Given data:

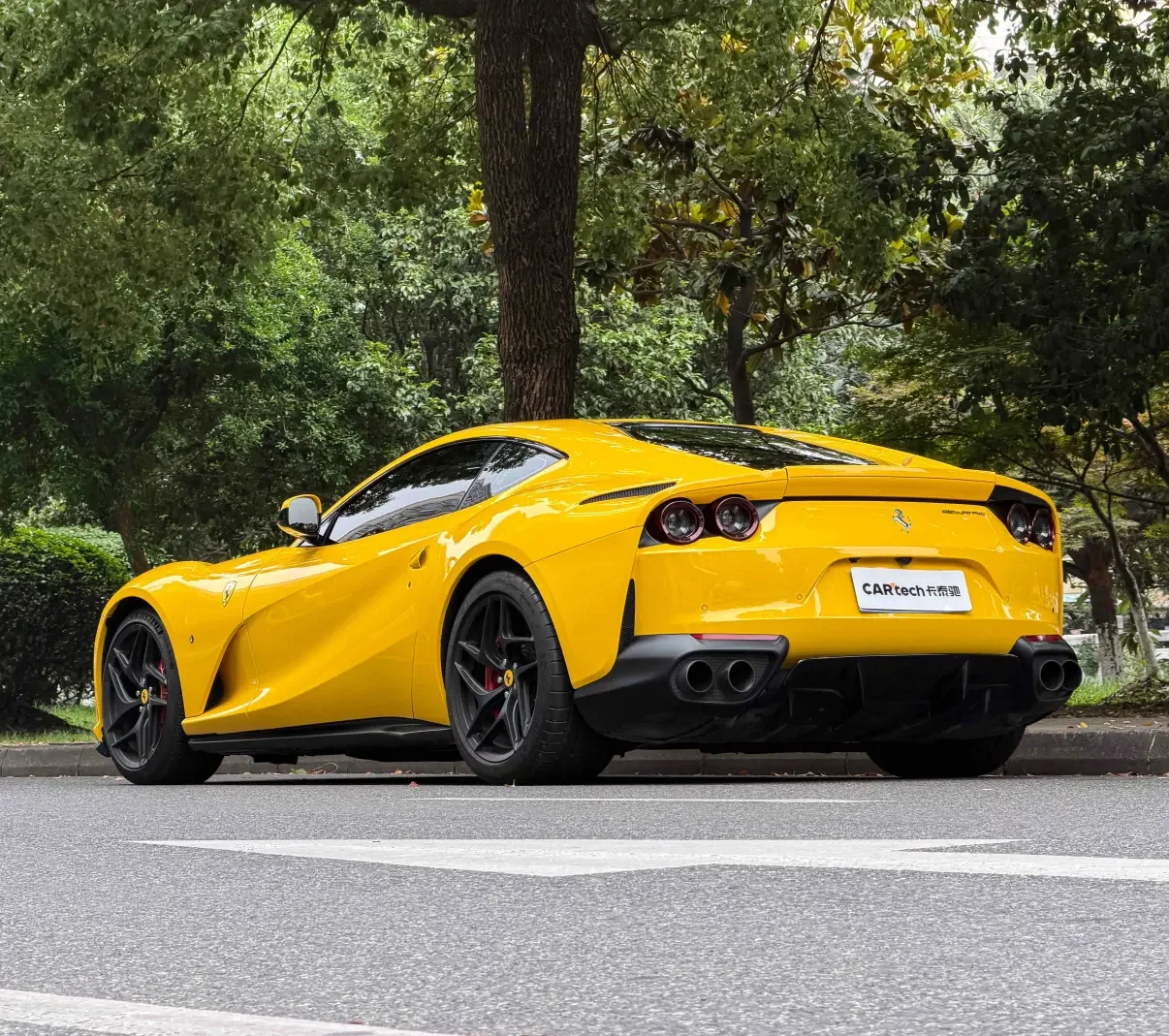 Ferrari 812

==

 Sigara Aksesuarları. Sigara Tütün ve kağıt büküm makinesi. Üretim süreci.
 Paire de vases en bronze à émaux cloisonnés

Problem to solve: Would you output, from the records above, exactly the run of lines that starts at the line containing "Sigara Aksesuarları. Sigara" and ends at the line containing "Paire de vases en bronze à émaux cloisonnés", and only that run?

Reply:
 Sigara Aksesuarları. Sigara Tütün ve kağıt büküm makinesi. Üretim süreci.
 Paire de vases en bronze à émaux cloisonnés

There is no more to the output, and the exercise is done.